From the first line below to the last, reproduce the material exactly and leave out the images.

*** COLLECTED DATA ***

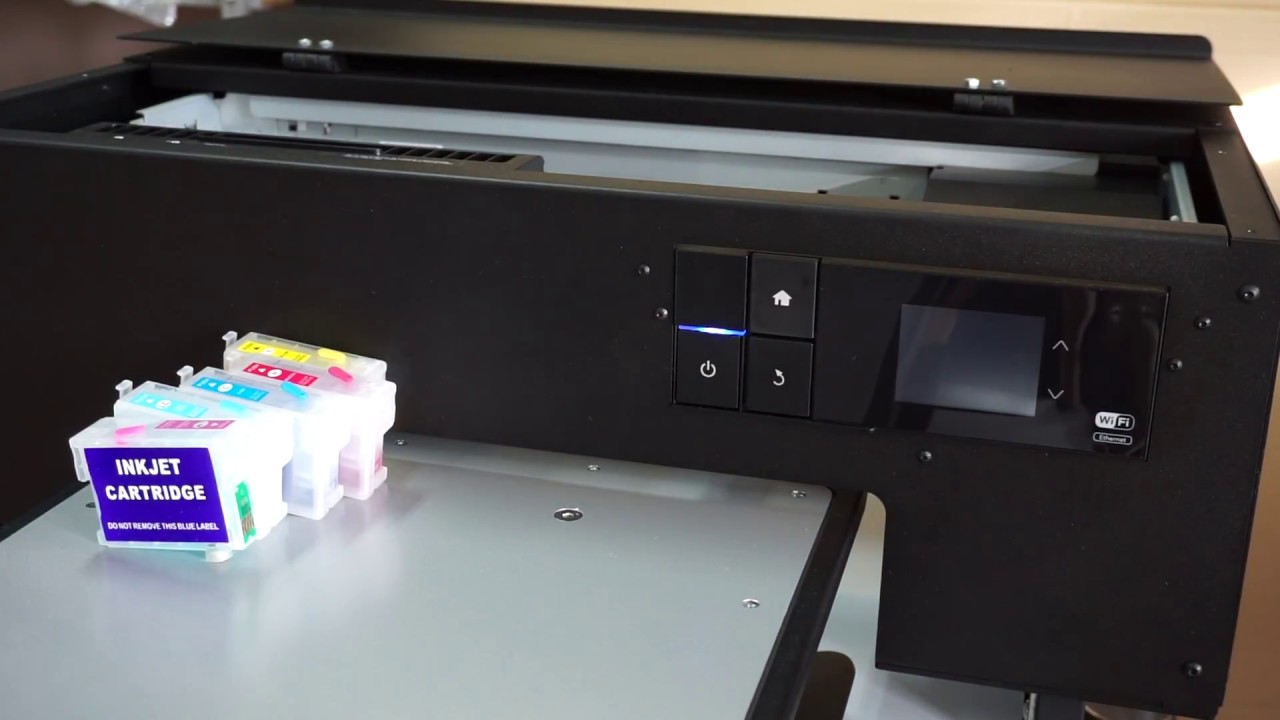 Chip Decoder Epson SureColor P600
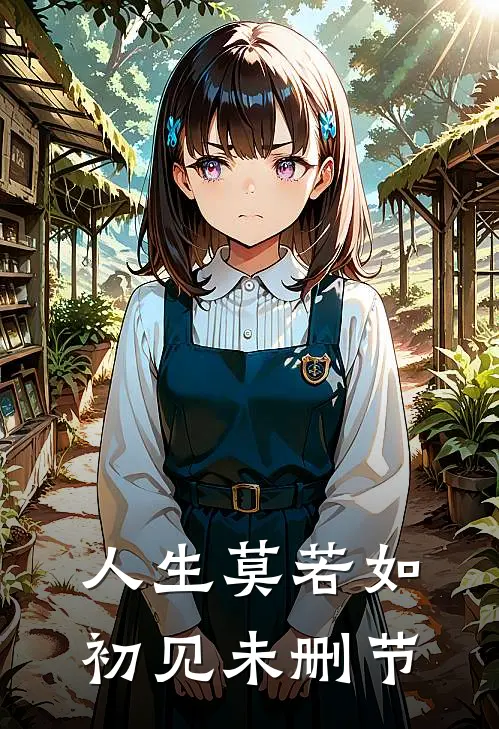 人生莫若如初见未删节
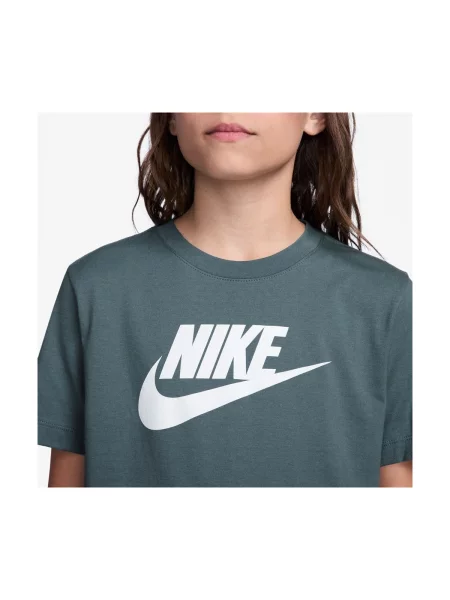 Tričko Nike sivá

*** End of COLLECTED DATA ***

## SOLUTION
 Chip Decoder Epson SureColor P600
 人生莫若如初见未删节
 Tričko Nike sivá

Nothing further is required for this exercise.